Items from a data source

↓

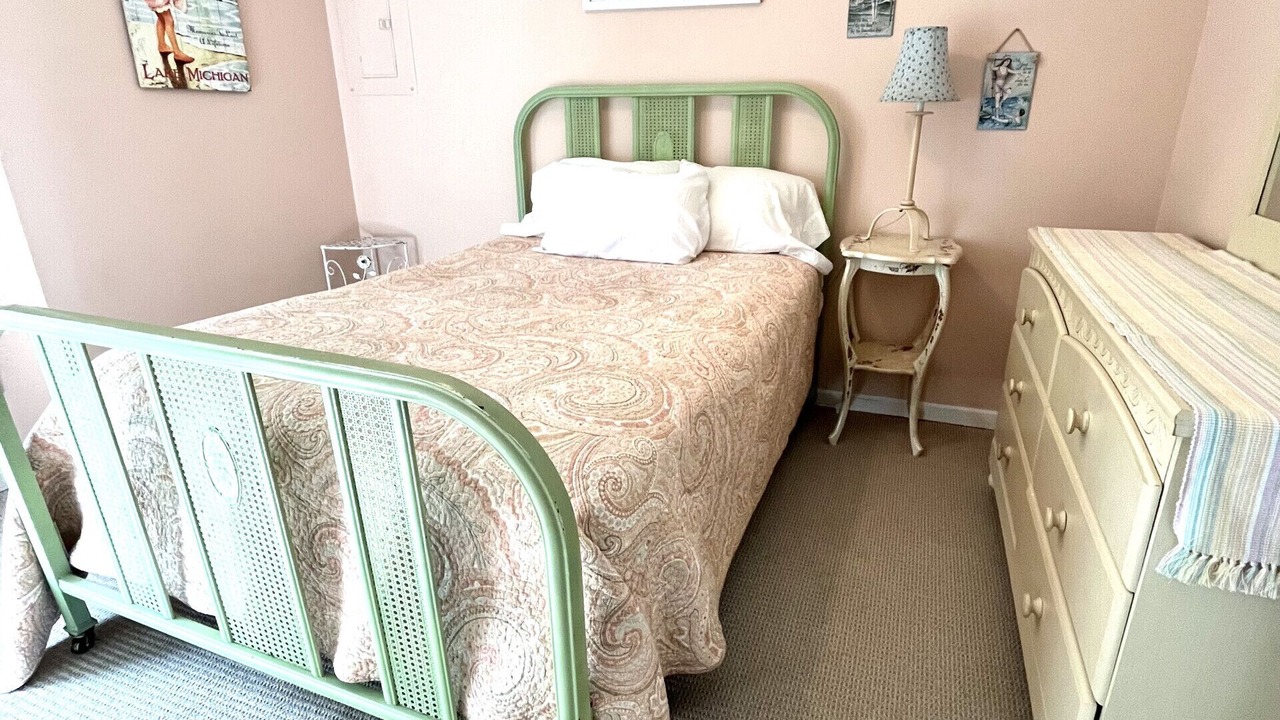 Photo of Bedroom in South Haven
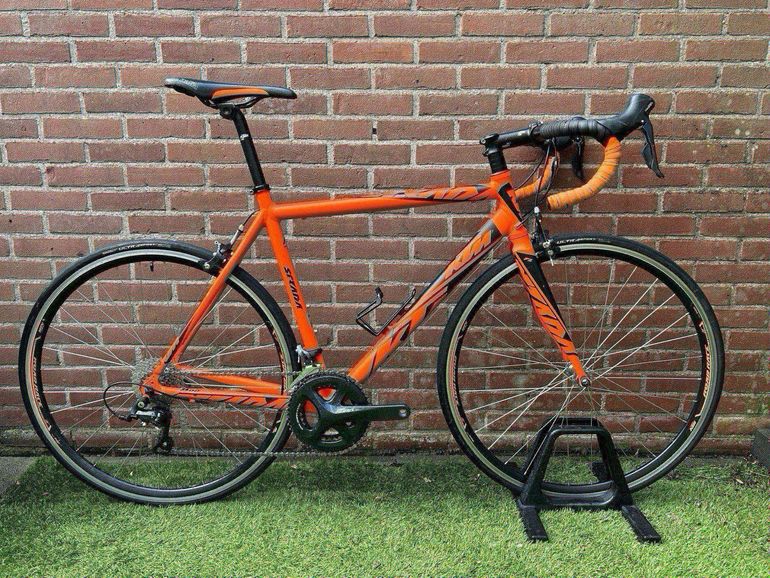 Used KTM STRADA 800 2020 Road & Gravel, Orange — image 1 of 12
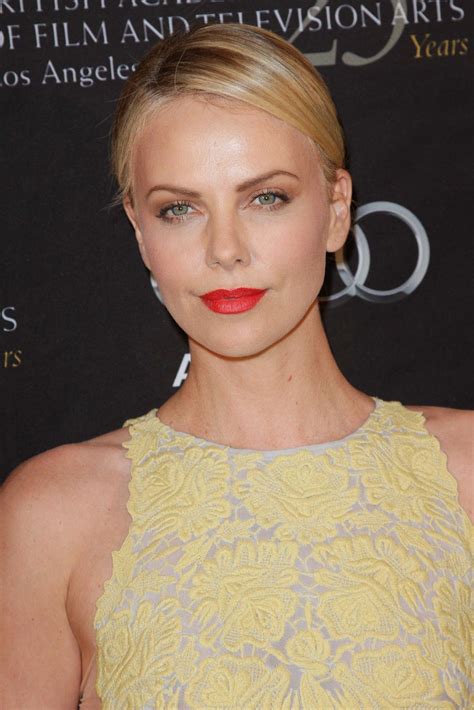 Mad Max Fury Road Actress Charlize Theron Hd Photos And Wallpapers Charlize Theron Blonde Updo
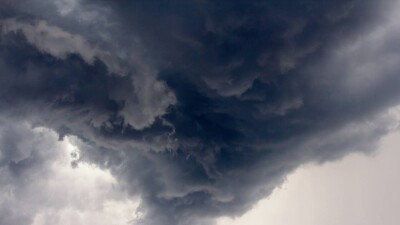 Более 400 авиарейсов отменили в Нидерландах из-за шторма "Поли"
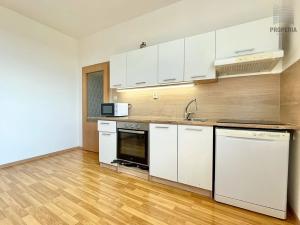 Prodej bytu 2+1, Brno, Charbulova, 65 m2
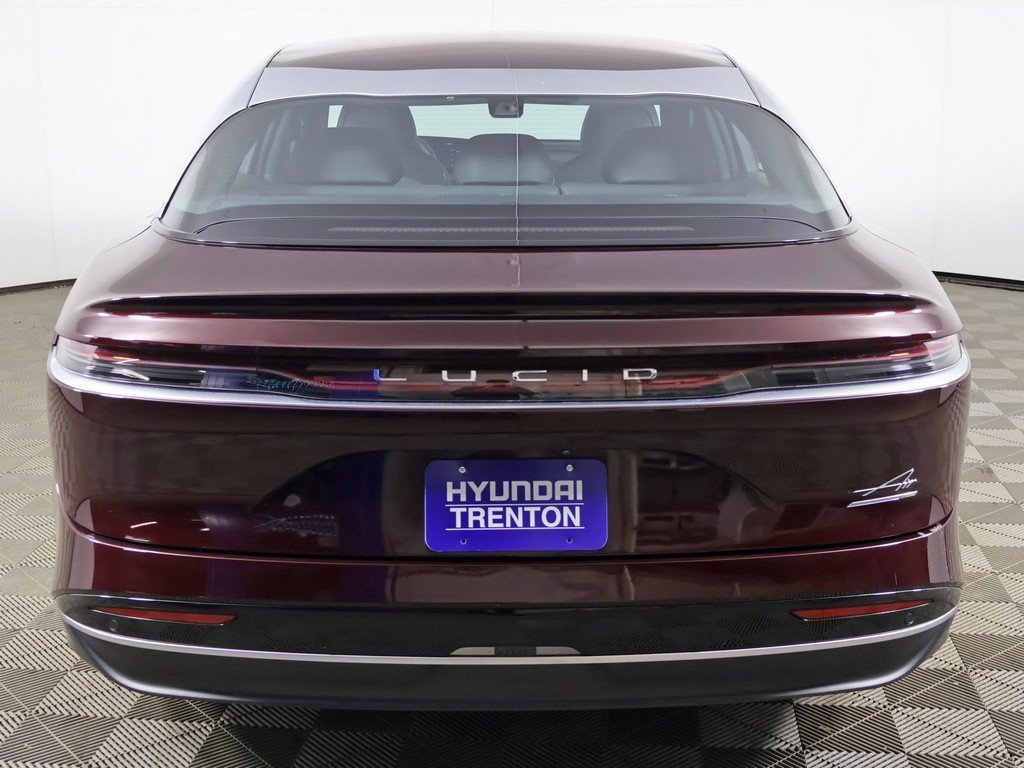 Used 2024 Lucid Air Touring image 16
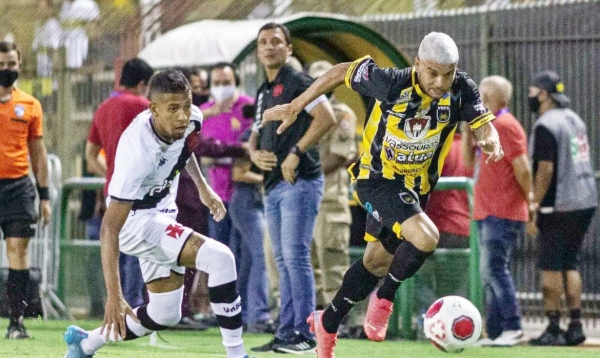 Vasco estreia no Campeonato Carioca com goleada sobre Volta Redonda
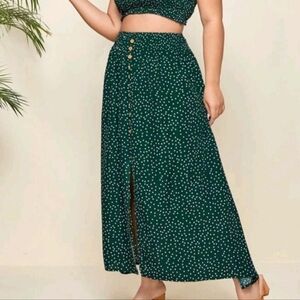 🆕 Shein VCAY CURVE Dots Maxi skirt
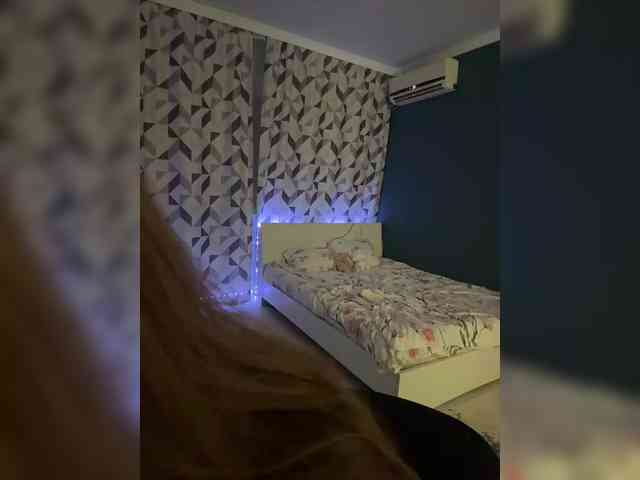ShyAlya webcam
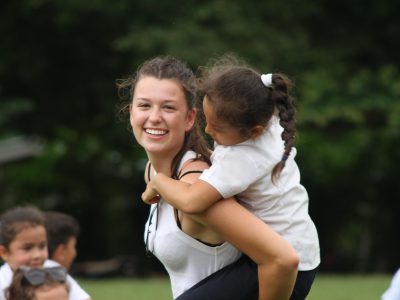 school_expedition_costa_rica_scuba_piggyback_students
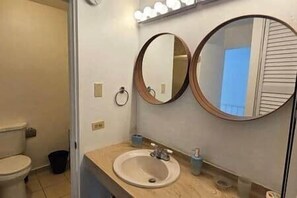 Bathroom - W4-Beach Villa in Dorado (Dorado)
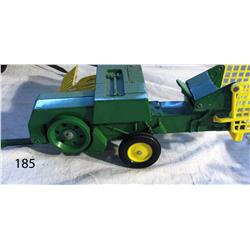 Tractor - John Deere Baler w/thrower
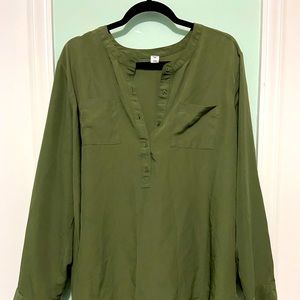 Old Navy pullover blouse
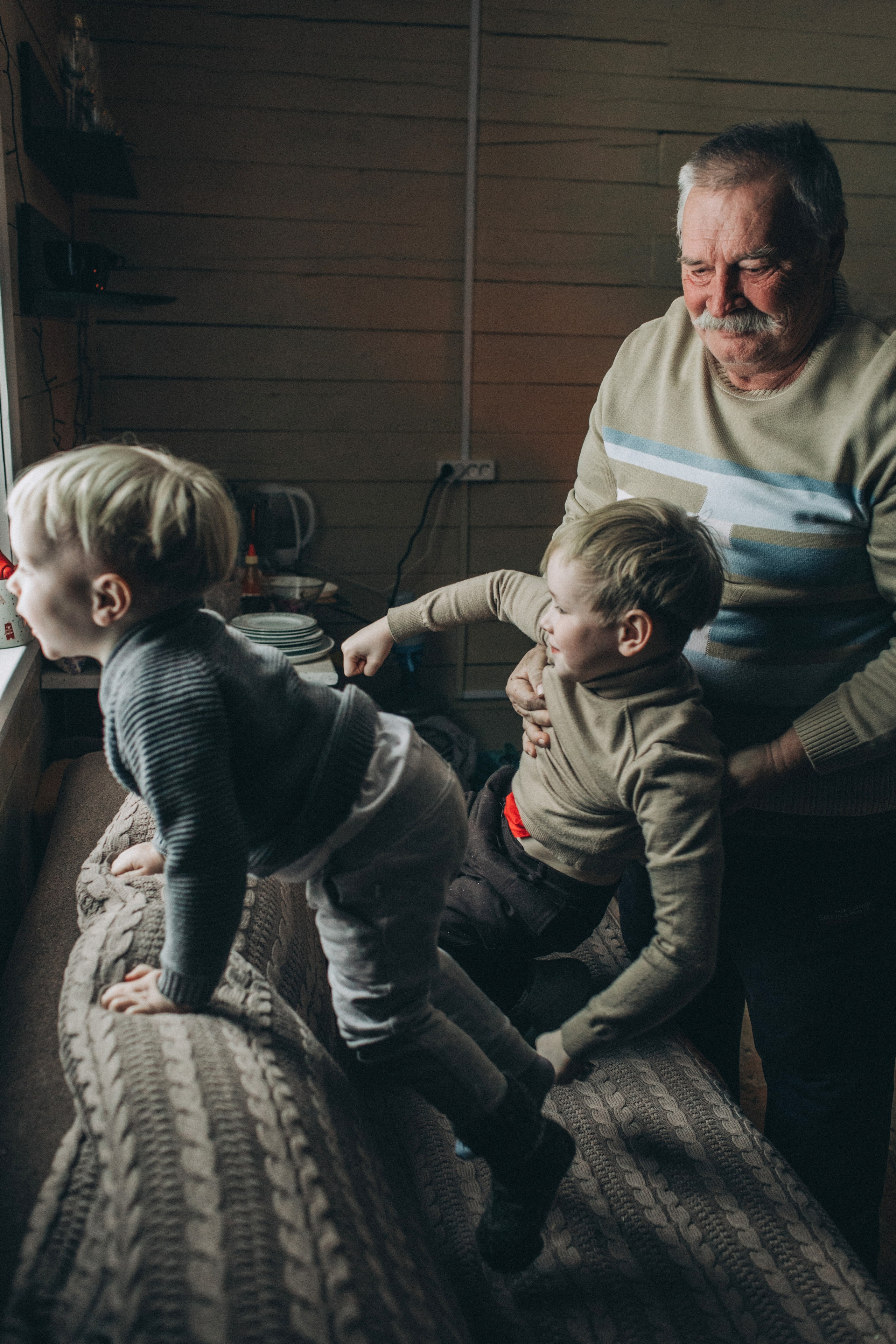 Женечка с семьей. Дачная история. Семейный фотограф Томск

↑

> [Task to carry out] Using the entries above, extract exactly the lines from the one that contains "Mad Max Fury" through the one that contains "ShyAlya webcam". Do not carry over any pictures.

> [Output]
 Mad Max Fury Road Actress Charlize Theron Hd Photos And Wallpapers Charlize Theron Blonde Updo
 Более 400 авиарейсов отменили в Нидерландах из-за шторма "Поли"
 Prodej bytu 2+1, Brno, Charbulova, 65 m2
 Used 2024 Lucid Air Touring image 16
 Vasco estreia no Campeonato Carioca com goleada sobre Volta Redonda
 🆕 Shein VCAY CURVE Dots Maxi skirt
ShyAlya webcam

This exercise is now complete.